Lou Reed – Transformer
Was man so wohl nie vermutet hätte, machten erst die Demos auf der ersten CD der Velvet Underground-Box „Peel Slowly And See“ offenbar: Niemand beeinflusste Lou Reed bei seinen frühen Kompositionen stärker als Bob Dylan. Wie er sich vom großen Vorbild abnabelte, um das Basismaterial komplett zu transformieren, ist da im Vergleich faszinierend zu hören. Ein ähnliches Aha-Erlebnis bescheren die zwei Bonus-Tracks dieser Remaster-Edition. Mit Dylan im Hinterkopf als Folksongs zur akustischen Gitarre gesungen, könnten sich diese Demo-Frühfassungen von „Hangin‘ Round“ und „Perfect Day“ kaum stärker von den endgültigen David Bowie/Mick Ronson-Produktionen unterscheiden. Diese beiden befanden die Geschichte von der wie eine Klette an ihm hängenden Jeanie als zu wortlastig und funktionierten das alles zum passenderweise misogynen Stones-Rocker mit dezentem Glamrock-Flair um – und die Folk-Erzählung von „Perfect Day“ zur elegischen Ballade mit New-York-state-of-mind-Touch.

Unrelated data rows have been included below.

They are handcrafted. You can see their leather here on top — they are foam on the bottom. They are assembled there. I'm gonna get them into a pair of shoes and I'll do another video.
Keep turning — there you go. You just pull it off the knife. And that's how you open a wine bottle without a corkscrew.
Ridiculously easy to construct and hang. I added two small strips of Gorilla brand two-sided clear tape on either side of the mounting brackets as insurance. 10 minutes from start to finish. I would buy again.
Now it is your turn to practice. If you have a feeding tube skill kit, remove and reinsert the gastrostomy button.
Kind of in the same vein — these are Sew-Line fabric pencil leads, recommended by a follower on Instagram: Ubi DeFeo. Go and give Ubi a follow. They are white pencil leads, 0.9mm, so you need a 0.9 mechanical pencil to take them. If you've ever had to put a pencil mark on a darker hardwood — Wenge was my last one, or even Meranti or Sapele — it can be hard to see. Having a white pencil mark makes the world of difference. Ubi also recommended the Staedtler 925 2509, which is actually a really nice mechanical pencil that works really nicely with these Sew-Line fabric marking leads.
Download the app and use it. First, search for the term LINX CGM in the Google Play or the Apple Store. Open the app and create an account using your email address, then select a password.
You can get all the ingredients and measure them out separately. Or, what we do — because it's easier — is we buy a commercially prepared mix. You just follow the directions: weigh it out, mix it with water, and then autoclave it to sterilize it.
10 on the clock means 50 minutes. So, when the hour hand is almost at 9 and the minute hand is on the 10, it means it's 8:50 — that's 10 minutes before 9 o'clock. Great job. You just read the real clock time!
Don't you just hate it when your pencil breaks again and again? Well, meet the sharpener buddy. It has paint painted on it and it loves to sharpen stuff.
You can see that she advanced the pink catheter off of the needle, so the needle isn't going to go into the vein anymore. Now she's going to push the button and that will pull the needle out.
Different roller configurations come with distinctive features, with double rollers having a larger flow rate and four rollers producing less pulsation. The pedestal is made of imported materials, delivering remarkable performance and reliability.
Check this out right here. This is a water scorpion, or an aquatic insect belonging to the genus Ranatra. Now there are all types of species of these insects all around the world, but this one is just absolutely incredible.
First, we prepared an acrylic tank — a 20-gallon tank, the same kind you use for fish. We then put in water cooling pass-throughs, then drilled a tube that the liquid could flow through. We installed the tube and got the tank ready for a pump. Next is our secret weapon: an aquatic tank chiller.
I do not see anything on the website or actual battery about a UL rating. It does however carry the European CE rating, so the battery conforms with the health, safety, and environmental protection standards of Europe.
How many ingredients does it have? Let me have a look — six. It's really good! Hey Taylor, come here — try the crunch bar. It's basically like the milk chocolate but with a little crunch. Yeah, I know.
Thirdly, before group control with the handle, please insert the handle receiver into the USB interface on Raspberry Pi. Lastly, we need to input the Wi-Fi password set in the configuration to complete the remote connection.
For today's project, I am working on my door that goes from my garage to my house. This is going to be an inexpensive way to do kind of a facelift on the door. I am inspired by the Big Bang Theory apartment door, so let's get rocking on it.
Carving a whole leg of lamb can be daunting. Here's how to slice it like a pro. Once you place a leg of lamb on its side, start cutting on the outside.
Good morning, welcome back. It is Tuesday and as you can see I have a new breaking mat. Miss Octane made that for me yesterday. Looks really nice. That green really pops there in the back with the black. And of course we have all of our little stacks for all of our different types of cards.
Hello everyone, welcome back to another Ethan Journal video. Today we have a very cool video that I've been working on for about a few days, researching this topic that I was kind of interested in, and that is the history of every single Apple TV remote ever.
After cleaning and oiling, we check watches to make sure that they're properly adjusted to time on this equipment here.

Wie drastisch das Team auch andere Originalsongs letztlich transformierte, kann man nur vermuten. Tatsache ist: Das war nach dem Solo-Debüt auch bitter nötig. Für das hatte Reed praktisch ausnahmslos schon 1969 geschriebene Songs aufgenommen, da ihn die mit den Velvet Underground eingespielten Demoversionen immer frustrierten. Um nicht noch mal einen so katastrophalen kommerziellen Flop zu erleben, musste er sich als Persona wie als Künstler neu erfinden. Bowie leistete ihm dabei denkbar beste Hilfestellung. Der war Jahre zuvor von den unerhörten Klängen des Velvet Underground-Debüts fasziniert gewesen, das ihm sein Manager als Anpressung vor der Veröffentlichung aus New York mitgebracht hatte. Jetzt verpasste er einigen der neuen Songs das richtige Ziggy-Stardust-Feeling und vermittelte so auch einigen schwächeren Kompositionen die nötige Kenntlichkeit.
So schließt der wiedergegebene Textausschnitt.